Dün, Fehmi Koru “Duyduk duymadık demeyin” nidasıyla yazdı. Ak Parti Genel Başkanvekili Efgan Ala’nın demecinden yola çıkarak iktidarın yeniden reform niyetinde olduğunu ve birçok alanda birden harekete geçileceği haberini ustalıkla değerlendirdi. Yazının sonunda da “Sözün kısası, AK Parti yetkilisi ile bakanının ‘reform’ beklentisine, AK Parti’ye yakın medya nasıl duyarsız kalıyorsa, gerçekleşeceğine parti içerisinde de inanan çıkacağını sanmıyorum” diyerek umutsuzluğa yakın bir yere demirledi. Haksız sayılmaz zira, Efgan Ala gibi kamuoyu tarafından “pozitif gündem”le eş tutulan bir isim açıklasa bile Ak Parti’nin eskiye dönme vaadini hemen kabullenmek kolay değildir.

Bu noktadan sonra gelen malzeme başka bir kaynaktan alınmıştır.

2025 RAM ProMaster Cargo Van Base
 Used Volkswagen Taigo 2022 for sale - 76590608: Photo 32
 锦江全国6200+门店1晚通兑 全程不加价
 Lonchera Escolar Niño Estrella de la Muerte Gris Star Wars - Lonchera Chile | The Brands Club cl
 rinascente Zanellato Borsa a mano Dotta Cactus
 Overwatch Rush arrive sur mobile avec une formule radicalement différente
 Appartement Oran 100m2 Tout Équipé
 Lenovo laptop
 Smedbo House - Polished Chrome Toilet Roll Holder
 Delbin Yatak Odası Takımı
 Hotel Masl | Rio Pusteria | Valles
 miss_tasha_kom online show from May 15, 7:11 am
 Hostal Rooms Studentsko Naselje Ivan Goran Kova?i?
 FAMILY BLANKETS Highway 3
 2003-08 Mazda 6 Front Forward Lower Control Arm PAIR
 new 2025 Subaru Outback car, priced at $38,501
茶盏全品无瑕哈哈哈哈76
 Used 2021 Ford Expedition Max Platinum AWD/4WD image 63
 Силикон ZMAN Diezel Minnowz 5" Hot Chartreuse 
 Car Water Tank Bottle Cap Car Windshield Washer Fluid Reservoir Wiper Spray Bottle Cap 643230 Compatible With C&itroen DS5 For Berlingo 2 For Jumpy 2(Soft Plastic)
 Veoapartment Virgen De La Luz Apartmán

Hele bu reform, reform karşıtlığının simgesi olan “Ankara Kriterleri” başlığıyla duyuruluyorsa… Ankara Kriterleri demek, Avrupa Birliği’nden uzaklaşmak, içe kapanmak, biz bize benzeriz vesaire demenin ifadesidir. Ama, Türkiye herhangi bir kriterden o kadar uzaklaştı ki; bir kriter olsun da ne olursa olsun diyecek durumdayız. Yani, bu sözü “Aslında evrensel hakları getireceğiz ama adına Kopenhag değil Ankara diyeceğiz” kabilinden söylenmiş sayıyoruz.
Bununla birlikte iktidardan hukuk ve demokrasi başlıklarından olumlu hamle beklemenin önünde çok büyük manialar var. Birkaçı şunlar:
1- Türkiye, son on yılda birçok alanda düşünülemeyecek kadar geri gitti. O kadar ki, yargının siyasallaşmasında rekorlar kırdı ve sonunda Anayasa Mahkemesi’nin otoritesini tanımaz bir noktaya demir attı. Denetim, şeffaflık, hukukun üstünlüğü yerle bir oldu.
2-Kurumsallaşma ve kurumlar ağır hasar aldı. Böylelikle, kamu idaresinde ortak tecrübe kayboldu. Birçok meselede, sanki daha önce hiç yaşanmamış gibi sil baştan yapmak devletin normali oldu.
3-Afra, tafrayla yürütülen dış politika, sonunda bugün artık ülkenin gücünün altında bir etkiye sıkıştı. İsrail-Gazze meselesinde görüldüğü gibi ne bir masada bulunabiliyoruz ne de bir masa toplayabiliyoruz.
4-İktidar, ekonomiden dış politikaya, eğitimden yargıya kadar bütün alanlarda kötü yönetimin sebeplerini anlaması gerekirken sadece 31 Mart’ın sonuçlarını anlamaya çalışıyor. Tabiatıyla bu eksik, yanlış ve sonuç alınamaz bir analiz biçimidir. Bu da bırakın reform kapasitesini gerçeklerden kopuşu gösteriyor.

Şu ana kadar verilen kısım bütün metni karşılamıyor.